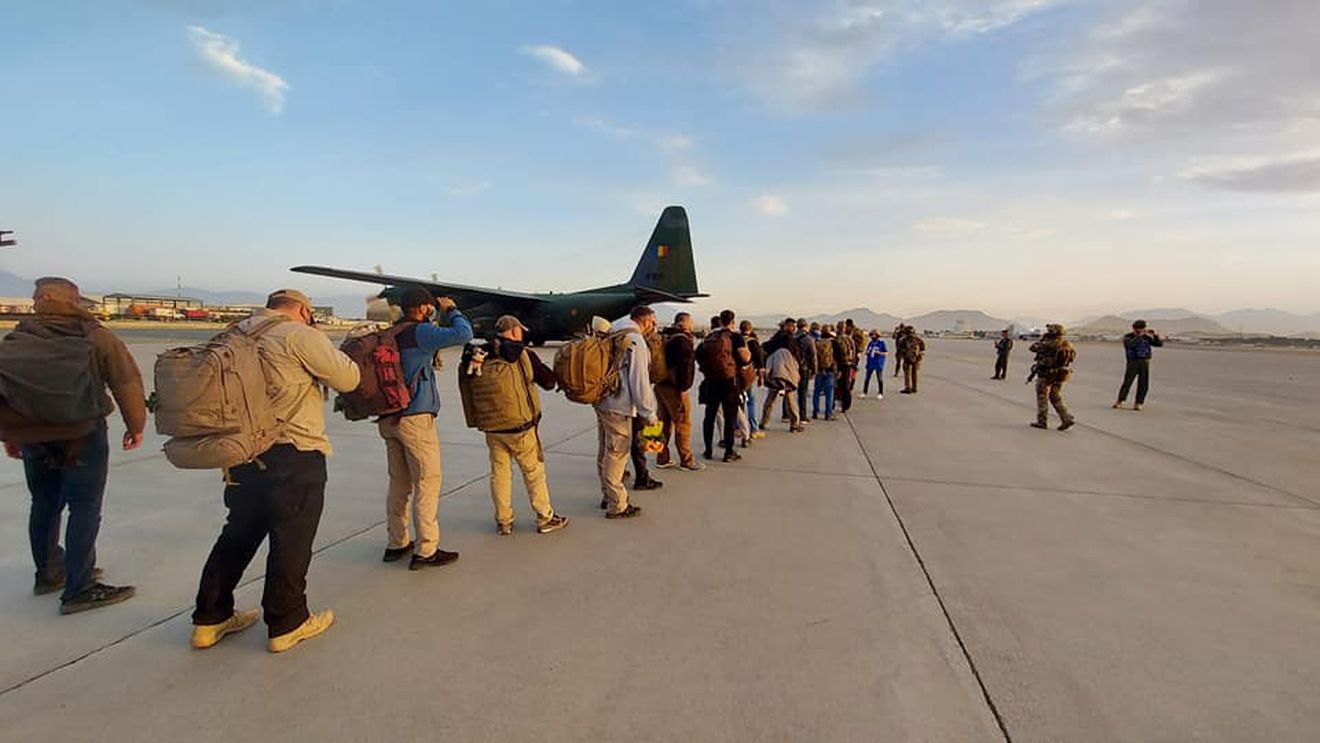 Ministrul apărării, Nicolae Ciucă, la repatrierea celor 15 cetățeni români din Afganistan: A fost o misiune deosebită pentru Armata Română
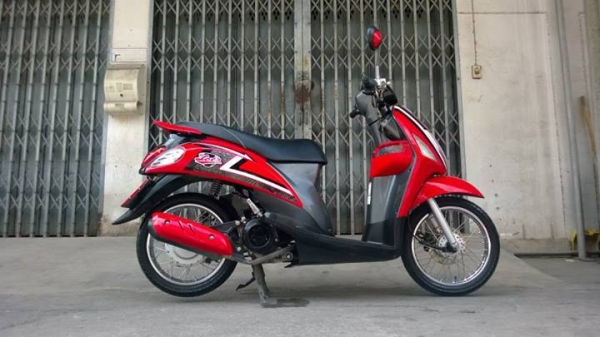 Suzuki LET 2013 วิ่งน้อย แดงเทา ขายราคาถูกๆ ลดได้เยอะ หลักพันบาท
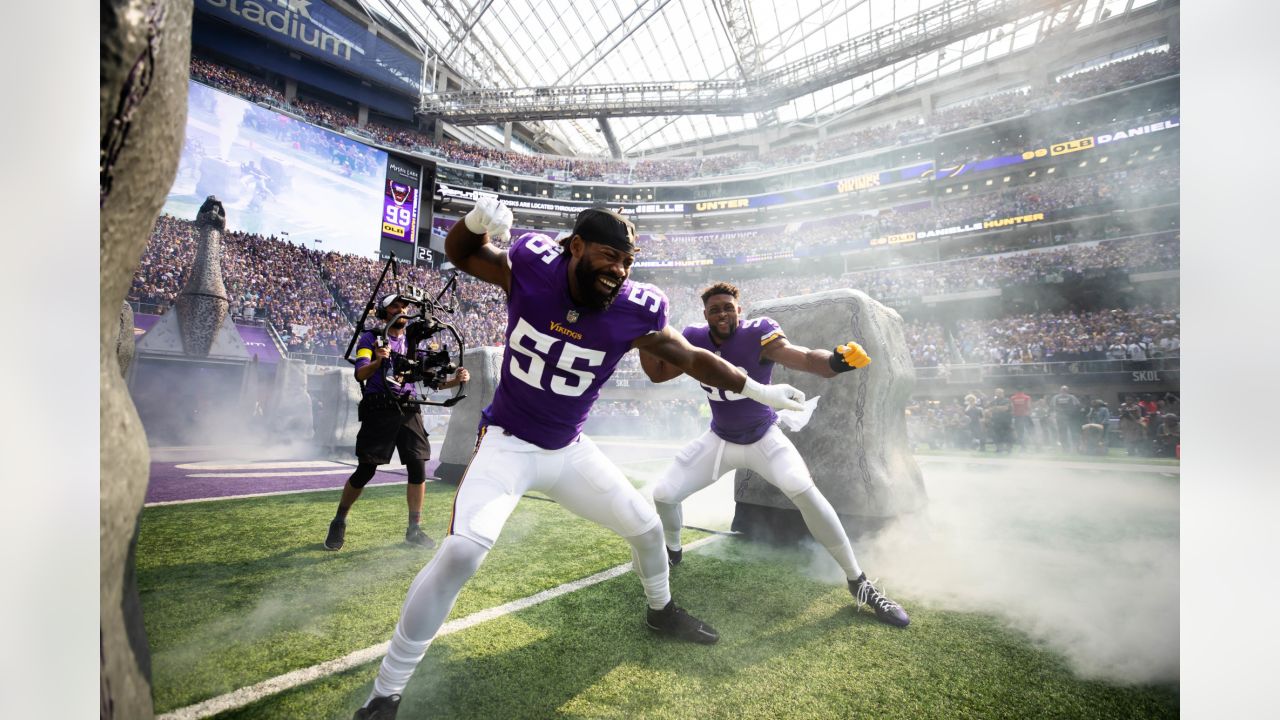 Vikings' Danielle Hunter, back from another injury, works on building bond  with new pass rush partner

________

▶ _Problem statement_:
Retype each line above exactly and leave out any picture.

▶ _Completed task_:
 Ministrul apărării, Nicolae Ciucă, la repatrierea celor 15 cetățeni români din Afganistan: A fost o misiune deosebită pentru Armata Română
 Suzuki LET 2013 วิ่งน้อย แดงเทา ขายราคาถูกๆ ลดได้เยอะ หลักพันบาท
 Vikings' Danielle Hunter, back from another injury, works on building bond  with new pass rush partner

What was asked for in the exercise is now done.